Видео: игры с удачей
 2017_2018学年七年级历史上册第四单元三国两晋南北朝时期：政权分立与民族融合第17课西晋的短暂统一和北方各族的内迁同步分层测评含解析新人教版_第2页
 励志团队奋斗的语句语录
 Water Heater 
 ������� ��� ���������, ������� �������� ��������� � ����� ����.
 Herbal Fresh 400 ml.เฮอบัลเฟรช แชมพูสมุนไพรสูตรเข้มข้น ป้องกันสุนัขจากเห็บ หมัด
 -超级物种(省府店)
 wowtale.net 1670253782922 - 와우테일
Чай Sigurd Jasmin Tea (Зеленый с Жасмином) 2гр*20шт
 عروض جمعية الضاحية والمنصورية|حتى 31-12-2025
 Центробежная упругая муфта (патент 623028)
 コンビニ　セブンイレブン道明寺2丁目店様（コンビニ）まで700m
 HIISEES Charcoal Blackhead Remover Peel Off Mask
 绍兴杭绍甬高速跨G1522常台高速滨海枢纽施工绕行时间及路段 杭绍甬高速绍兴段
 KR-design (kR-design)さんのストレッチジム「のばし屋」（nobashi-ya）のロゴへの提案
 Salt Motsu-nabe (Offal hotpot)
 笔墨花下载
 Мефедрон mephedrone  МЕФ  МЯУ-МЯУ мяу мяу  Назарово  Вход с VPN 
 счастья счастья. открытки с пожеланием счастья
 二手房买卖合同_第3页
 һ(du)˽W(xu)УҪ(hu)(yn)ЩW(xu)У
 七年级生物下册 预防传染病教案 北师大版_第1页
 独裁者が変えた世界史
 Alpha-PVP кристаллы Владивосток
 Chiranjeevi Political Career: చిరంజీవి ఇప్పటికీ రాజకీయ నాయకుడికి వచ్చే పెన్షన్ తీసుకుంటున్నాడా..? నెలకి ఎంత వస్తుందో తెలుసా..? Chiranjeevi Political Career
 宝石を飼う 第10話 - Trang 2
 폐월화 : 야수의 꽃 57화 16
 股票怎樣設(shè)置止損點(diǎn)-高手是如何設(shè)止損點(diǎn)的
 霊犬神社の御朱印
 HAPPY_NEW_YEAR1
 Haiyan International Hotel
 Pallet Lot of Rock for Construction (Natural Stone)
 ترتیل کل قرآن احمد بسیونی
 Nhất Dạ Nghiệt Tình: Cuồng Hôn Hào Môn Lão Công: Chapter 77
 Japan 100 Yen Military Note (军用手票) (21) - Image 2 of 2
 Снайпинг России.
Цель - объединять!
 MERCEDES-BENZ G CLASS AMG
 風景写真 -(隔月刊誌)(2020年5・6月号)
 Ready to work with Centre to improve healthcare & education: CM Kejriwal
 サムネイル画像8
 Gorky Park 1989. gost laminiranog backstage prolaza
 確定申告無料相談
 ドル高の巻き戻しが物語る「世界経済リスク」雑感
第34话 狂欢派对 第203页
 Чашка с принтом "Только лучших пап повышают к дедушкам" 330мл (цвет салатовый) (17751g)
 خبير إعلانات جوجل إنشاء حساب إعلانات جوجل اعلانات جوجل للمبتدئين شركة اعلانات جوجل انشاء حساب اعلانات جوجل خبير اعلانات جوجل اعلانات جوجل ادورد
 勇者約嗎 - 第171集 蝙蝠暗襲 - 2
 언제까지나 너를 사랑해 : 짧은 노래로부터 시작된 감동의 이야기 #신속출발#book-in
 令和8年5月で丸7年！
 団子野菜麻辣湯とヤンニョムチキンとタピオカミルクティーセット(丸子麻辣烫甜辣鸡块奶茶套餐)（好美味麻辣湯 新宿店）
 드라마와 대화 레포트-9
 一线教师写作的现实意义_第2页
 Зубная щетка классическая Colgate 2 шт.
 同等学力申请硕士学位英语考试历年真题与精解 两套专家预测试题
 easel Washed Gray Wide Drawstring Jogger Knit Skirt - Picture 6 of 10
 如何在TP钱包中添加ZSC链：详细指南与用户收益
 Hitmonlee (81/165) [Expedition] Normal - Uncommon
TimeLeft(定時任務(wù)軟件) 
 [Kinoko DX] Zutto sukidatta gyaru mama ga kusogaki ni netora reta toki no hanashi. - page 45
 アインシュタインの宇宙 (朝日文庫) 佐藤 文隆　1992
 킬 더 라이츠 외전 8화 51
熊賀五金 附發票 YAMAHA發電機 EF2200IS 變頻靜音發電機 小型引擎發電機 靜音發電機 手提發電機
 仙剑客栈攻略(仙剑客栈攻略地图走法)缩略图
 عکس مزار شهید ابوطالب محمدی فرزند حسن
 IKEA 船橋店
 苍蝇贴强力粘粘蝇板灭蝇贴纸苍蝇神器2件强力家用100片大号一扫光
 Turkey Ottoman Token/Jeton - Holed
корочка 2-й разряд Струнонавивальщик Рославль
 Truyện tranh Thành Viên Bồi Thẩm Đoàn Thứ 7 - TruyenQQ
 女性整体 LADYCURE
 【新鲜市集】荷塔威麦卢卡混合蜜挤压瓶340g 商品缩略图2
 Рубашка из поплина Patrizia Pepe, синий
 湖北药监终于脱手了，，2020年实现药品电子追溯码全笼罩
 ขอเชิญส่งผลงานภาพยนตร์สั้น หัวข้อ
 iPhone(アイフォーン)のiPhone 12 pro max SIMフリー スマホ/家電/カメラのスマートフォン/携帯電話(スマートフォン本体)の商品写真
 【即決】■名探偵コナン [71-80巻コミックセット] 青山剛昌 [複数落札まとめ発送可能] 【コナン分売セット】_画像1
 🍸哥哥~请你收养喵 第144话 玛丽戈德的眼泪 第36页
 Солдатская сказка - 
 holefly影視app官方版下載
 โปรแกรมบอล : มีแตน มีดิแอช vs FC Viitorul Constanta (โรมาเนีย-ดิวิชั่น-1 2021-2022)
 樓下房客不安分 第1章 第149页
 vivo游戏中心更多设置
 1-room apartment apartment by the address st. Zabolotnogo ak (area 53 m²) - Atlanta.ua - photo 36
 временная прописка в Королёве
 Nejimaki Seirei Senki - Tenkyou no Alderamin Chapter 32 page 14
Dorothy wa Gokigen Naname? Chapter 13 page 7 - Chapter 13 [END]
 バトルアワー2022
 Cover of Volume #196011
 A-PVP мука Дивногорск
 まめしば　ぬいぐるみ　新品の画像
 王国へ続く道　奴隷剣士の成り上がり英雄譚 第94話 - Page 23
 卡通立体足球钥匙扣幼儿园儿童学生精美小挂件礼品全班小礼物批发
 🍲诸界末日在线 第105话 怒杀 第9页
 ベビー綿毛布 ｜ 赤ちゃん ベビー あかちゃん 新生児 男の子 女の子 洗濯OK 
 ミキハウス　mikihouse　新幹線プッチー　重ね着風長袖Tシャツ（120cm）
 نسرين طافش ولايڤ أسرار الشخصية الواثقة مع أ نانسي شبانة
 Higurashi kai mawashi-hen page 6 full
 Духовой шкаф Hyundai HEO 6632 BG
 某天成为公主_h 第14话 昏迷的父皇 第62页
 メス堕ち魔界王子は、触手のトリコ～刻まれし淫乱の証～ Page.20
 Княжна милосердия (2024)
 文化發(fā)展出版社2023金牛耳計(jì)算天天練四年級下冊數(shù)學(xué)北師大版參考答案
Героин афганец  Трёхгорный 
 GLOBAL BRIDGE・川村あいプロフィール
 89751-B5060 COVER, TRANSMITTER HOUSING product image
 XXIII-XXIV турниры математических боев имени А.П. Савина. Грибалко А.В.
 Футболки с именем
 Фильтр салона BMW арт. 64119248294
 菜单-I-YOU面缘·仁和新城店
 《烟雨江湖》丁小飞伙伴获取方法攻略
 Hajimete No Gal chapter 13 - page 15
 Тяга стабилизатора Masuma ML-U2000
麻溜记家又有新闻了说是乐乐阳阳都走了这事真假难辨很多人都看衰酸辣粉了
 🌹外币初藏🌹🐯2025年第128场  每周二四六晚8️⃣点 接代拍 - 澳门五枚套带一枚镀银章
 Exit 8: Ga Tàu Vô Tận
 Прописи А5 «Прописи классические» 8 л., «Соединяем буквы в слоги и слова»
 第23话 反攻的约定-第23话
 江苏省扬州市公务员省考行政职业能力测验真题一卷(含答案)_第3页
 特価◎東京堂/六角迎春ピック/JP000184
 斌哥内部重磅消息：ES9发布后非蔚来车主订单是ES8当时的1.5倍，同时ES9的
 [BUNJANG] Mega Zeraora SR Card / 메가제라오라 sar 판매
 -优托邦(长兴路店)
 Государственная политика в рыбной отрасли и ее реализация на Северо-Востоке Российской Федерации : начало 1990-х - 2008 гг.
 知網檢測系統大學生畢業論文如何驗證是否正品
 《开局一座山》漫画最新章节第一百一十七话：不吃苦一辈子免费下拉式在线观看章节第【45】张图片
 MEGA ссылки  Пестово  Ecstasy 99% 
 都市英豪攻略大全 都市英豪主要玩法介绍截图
----
[TASK STATEMENT]: Above are the entries. Output exactly the lines beginning with the line that has "Water Heater" and ending with the line that has "Alpha-PVP кристаллы Владивосток".

[SOLUTION FOR THIS PROBLEM]:
 Water Heater 
 ������� ��� ���������, ������� �������� ��������� � ����� ����.
 Herbal Fresh 400 ml.เฮอบัลเฟรช แชมพูสมุนไพรสูตรเข้มข้น ป้องกันสุนัขจากเห็บ หมัด
 -超级物种(省府店)
 wowtale.net 1670253782922 - 와우테일
Чай Sigurd Jasmin Tea (Зеленый с Жасмином) 2гр*20шт
 عروض جمعية الضاحية والمنصورية|حتى 31-12-2025
 Центробежная упругая муфта (патент 623028)
 コンビニ　セブンイレブン道明寺2丁目店様（コンビニ）まで700m
 HIISEES Charcoal Blackhead Remover Peel Off Mask
 绍兴杭绍甬高速跨G1522常台高速滨海枢纽施工绕行时间及路段 杭绍甬高速绍兴段
 KR-design (kR-design)さんのストレッチジム「のばし屋」（nobashi-ya）のロゴへの提案
 Salt Motsu-nabe (Offal hotpot)
 笔墨花下载
 Мефедрон mephedrone  МЕФ  МЯУ-МЯУ мяу мяу  Назарово  Вход с VPN 
 счастья счастья. открытки с пожеланием счастья
 二手房买卖合同_第3页
 һ(du)˽W(xu)УҪ(hu)(yn)ЩW(xu)У
 七年级生物下册 预防传染病教案 北师大版_第1页
 独裁者が変えた世界史
 Alpha-PVP кристаллы Владивосток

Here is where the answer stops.